**Exercise:**
If a record holds a picture, drop the picture and copy everything else exactly.

**Exercise inputs:**
────
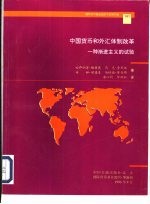 中国货币和外汇体制改革 一种渐进主义的试验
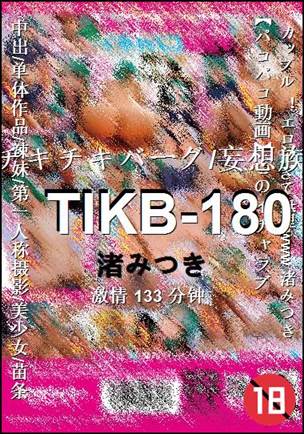 TIKB-180Ѹ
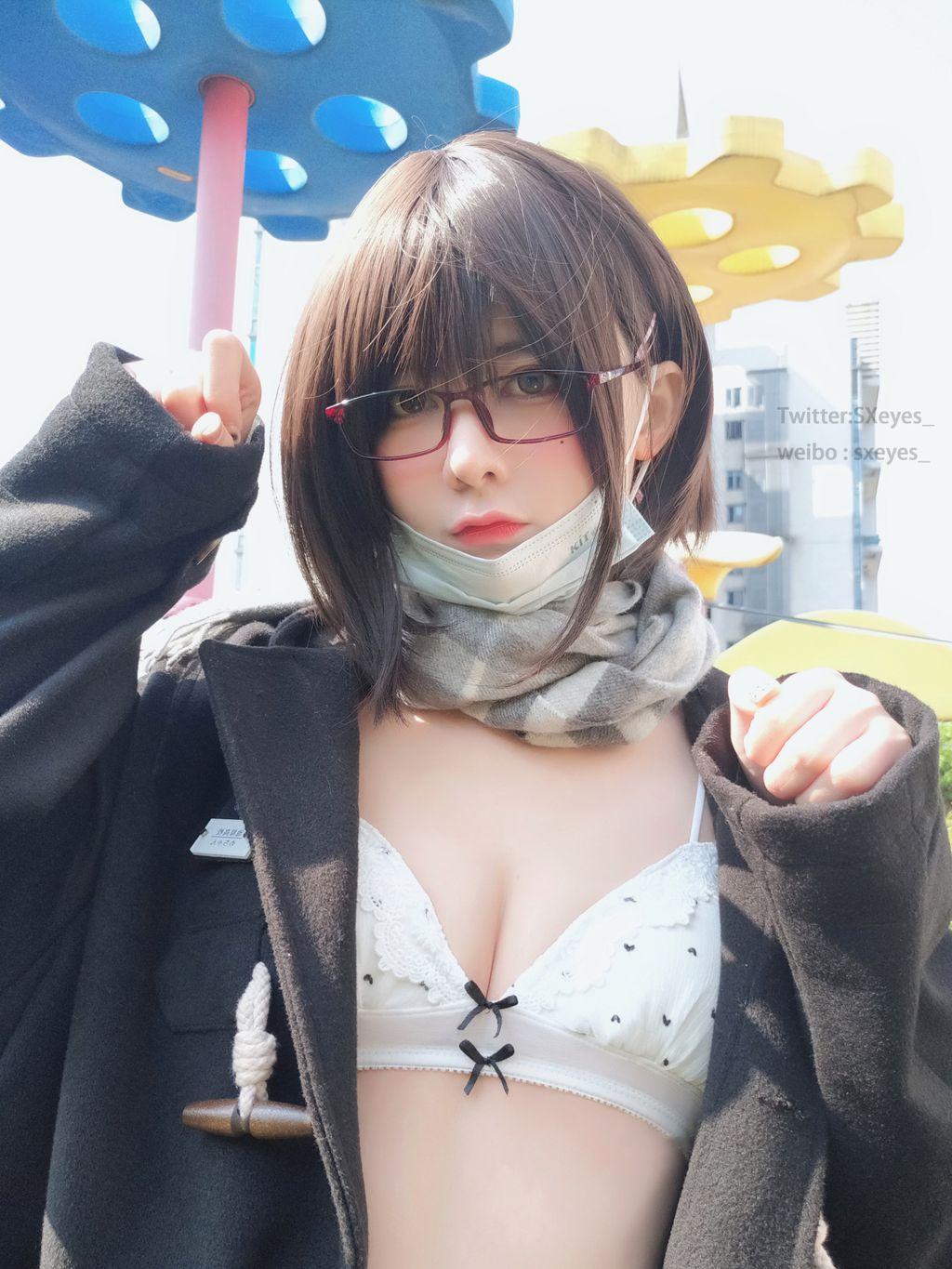 Coser @ 眼 酱 大 魔王 w Album # 40 (38 photos)(3)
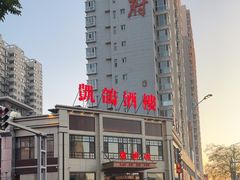 -凯鸽酒楼(恒安新区店)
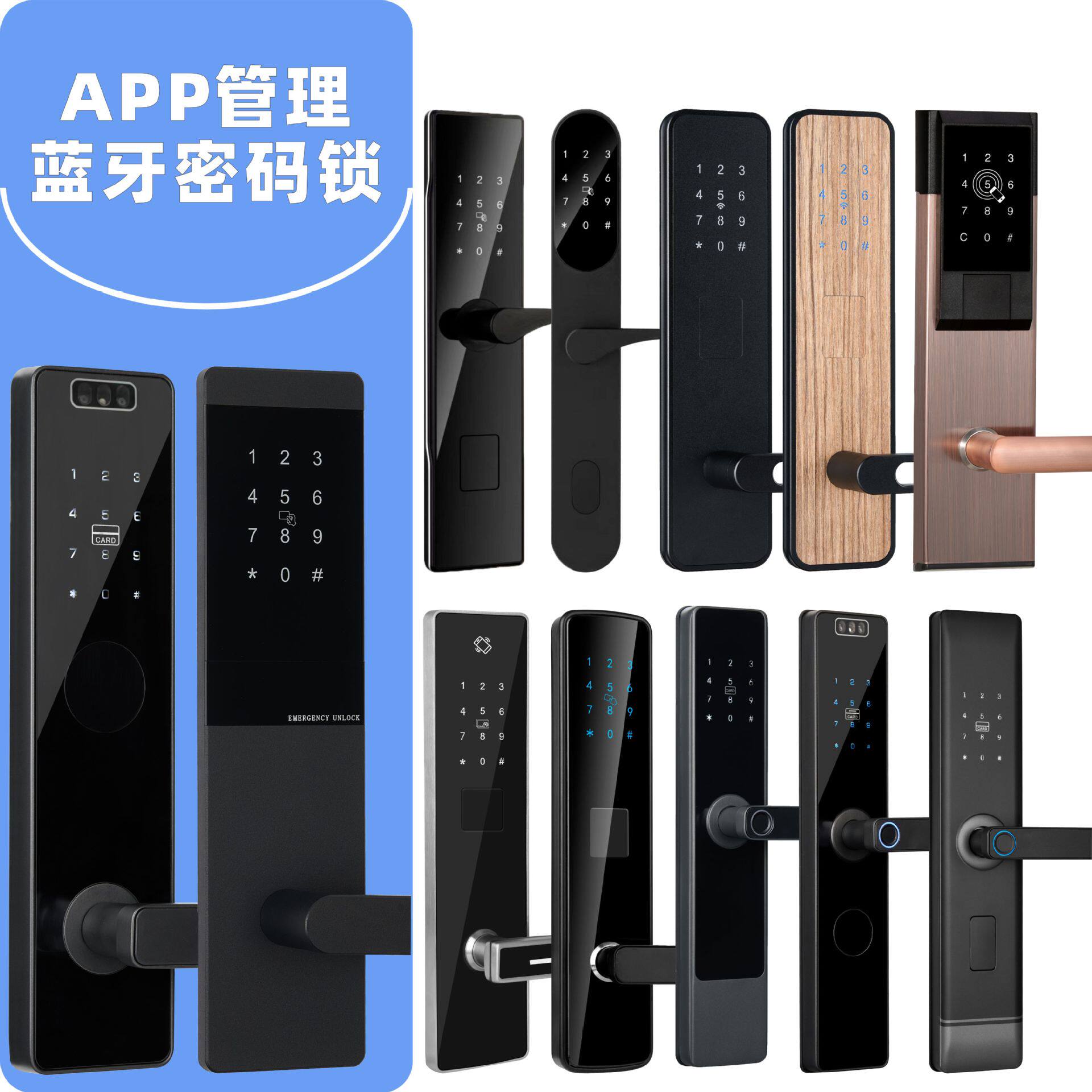 APP蓝牙智能锁人脸指纹密码锁公寓联网锁民宿密码锁通通指纹门锁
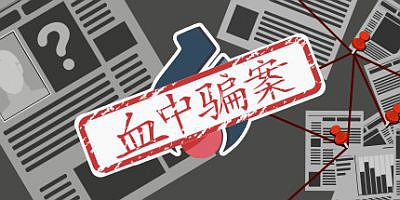 血中骗案 Blood Scheme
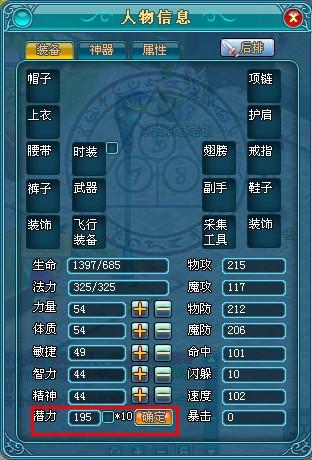 魔力王最全游戏攻略解说_魔力王最新游戏技巧通关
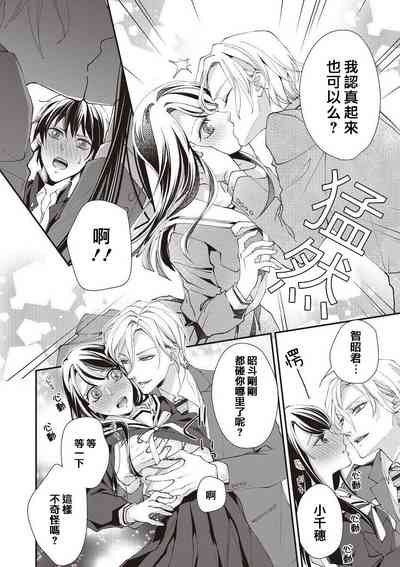 第21頁圖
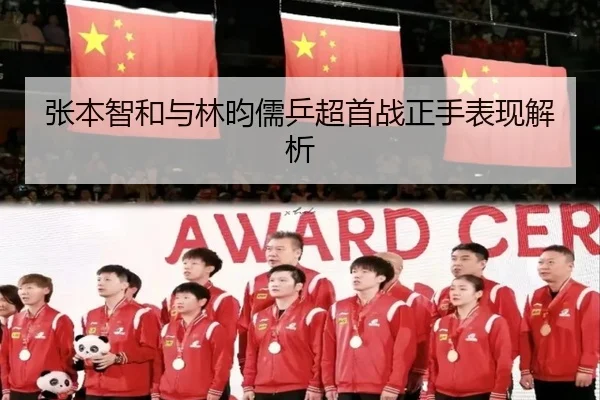 张本智和与林昀儒乒超首战正手表现解析 - Oulu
────
**Solved exercise:**
 中国货币和外汇体制改革 一种渐进主义的试验
 TIKB-180Ѹ
 Coser @ 眼 酱 大 魔王 w Album # 40 (38 photos)(3)
 -凯鸽酒楼(恒安新区店)
 APP蓝牙智能锁人脸指纹密码锁公寓联网锁民宿密码锁通通指纹门锁
 血中骗案 Blood Scheme
 魔力王最全游戏攻略解说_魔力王最新游戏技巧通关
 第21頁圖
 张本智和与林昀儒乒超首战正手表现解析 - Oulu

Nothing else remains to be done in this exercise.